PLANNING TO TEACH MEDIA LITERACY

When planning to teach media literacy, it is important to realize that students need time to learn the various mental “tools of thought” and techniques of analysis. A stand-alone lesson will not provide sufficient opportunity to gain media literacy skills. In addition, after students have had some time to experience analysis and critical thinking, it is important that they learn skills in creating their own media projects. In this way, they can use the knowledge they have gained from analyzing another’s work to creating their own. Basic skills in presentation can be discussed with students, such as recommendations for public speaking, creating brochures, or making collages. If the technology is available, a teacher may also choose to have students create video projects, take digital pictures, or learn how to use some computer software to create presentations. “Original construction empowers students to create their own messages. Using their knowledge of media tools and production, they can invent powerful media products either for their schools or their communities” (McBrien, 1999, p. 79).

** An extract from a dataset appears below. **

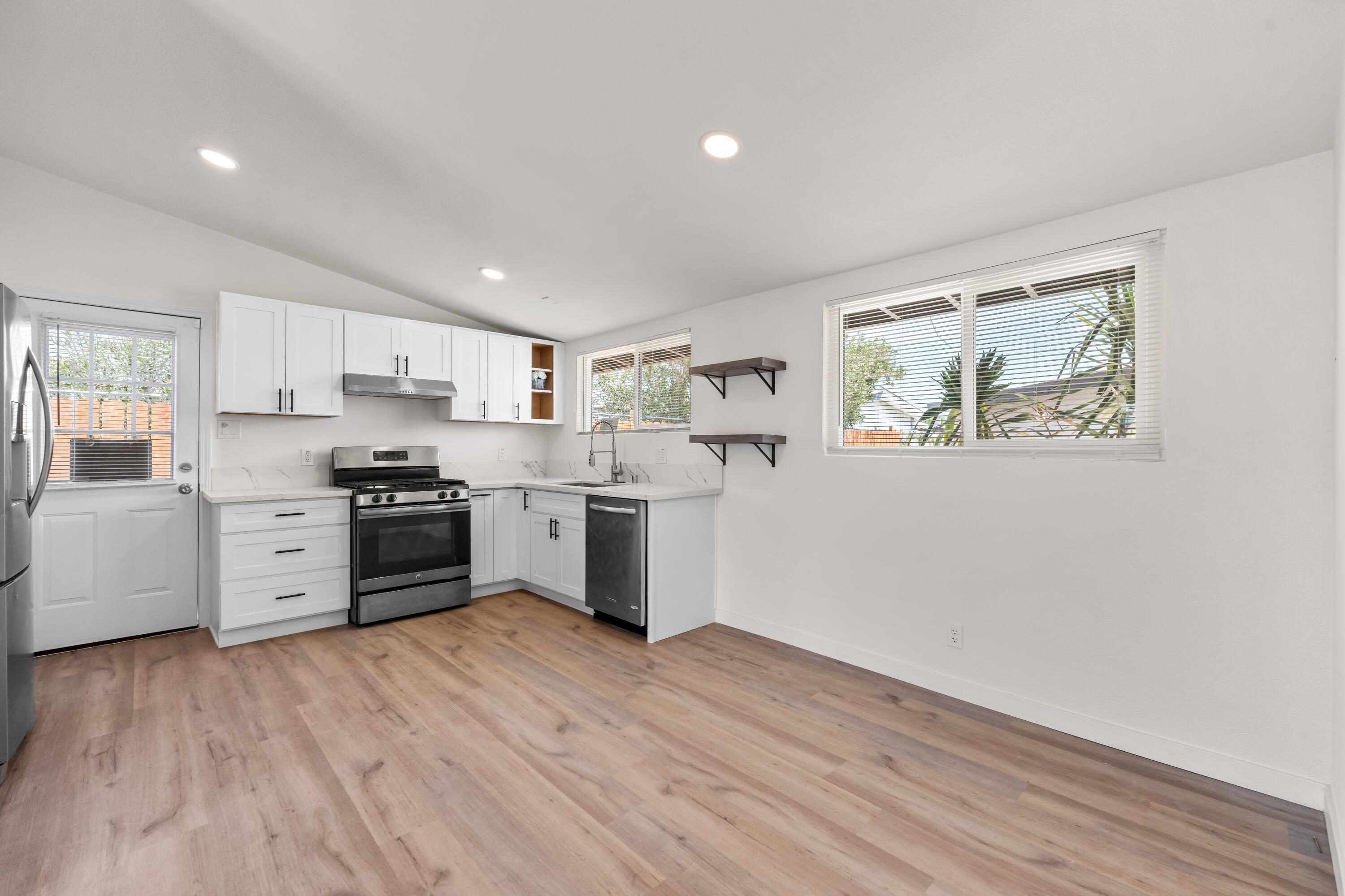 15593 M Street Mojave, CA 93501 - Photo 8 of 53 a kitchen with stainless steel appliances a refrigerator and a stove top oven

When planning to incorporate media literacy into social studies, there are a great number of possibilities. Below are some examples of how media literacy can be used to address topics in the current Alberta Elementary Social Studies Program of Studies.

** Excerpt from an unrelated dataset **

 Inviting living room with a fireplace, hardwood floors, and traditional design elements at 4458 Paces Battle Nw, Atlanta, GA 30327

Grade Topic(s) Possible Inquiry Questions
One

Topic B: My Family
Topic C: Other Canadian Families

  • Analyze how families are represented in television shows.
  • Discuss “What type of media does my family use?”
Two Topic C: People in Canada
  • Analyze media representations of how communities meet their needs e.g. quality water supply or preserving traditions
Three Topics A, B, C all relating to communities
  • Analyze promotional material from various community groups/services.
  • Analyze media events that promote community organizations or activities. Discuss how these events help special communities.
  • Record oral histories from members of the community.
Four Topics A, B, C all relating to Alberta
  • What information do historical photographs provide about Alberta?
  • Analyze media representations of an Alberta lifestyle and Quebecois lifestyle and make comparisons.
Five Topic A: Canada: Its Geography and People
  • Examine media from environmental groups.
  • Create a media presentation about the environment.
  • Analyze news stories about environmental issues in Canada.
Six Topic A: Local Government
  • Examine an issue that is being dealt with by the local government and analyze how it is portrayed by different media e.g. transportation issues, contract negotiations

In addition, Appendix A provides a comprehensive, but by no means exhaustive, collection of ideas for creating lesson and unit plans. Most of the ideas provided are of a general nature, so they could be applied to many of the different topics in the K-6 curriculum.

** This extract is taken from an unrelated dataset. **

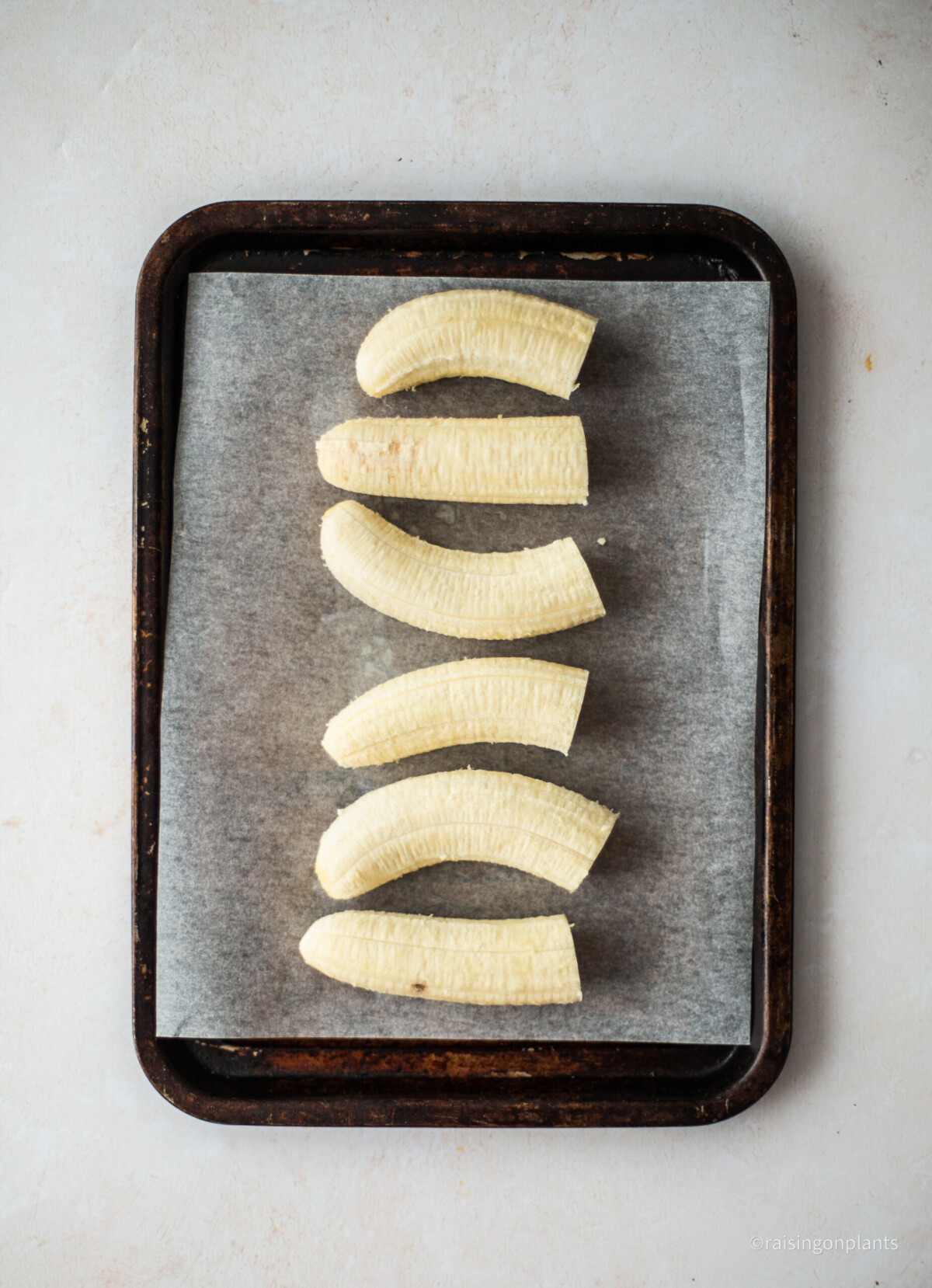 Three bananas cut in half and laid on a baking tray lined with baking paper.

POSSIBLE DRAWBACKS TO INTEGRATING MEDIA LITERACY IN SOCIAL STUDIES

So far, this paper has looked at many of the possible benefits of including media literacy in the Alberta Elementary Social Studies Program of Studies. It is also important to address some of the possible drawbacks to trying to incorporate media literacy into the curriculum. One possible barrier is that teachers may lack confidence to teach media literacy. Teachers may be concerned about whether they have enough knowledge about the subject or if they have the appropriate resources to teach it. Another worry of teachers might be that media literacy is yet another content component that must “be covered”.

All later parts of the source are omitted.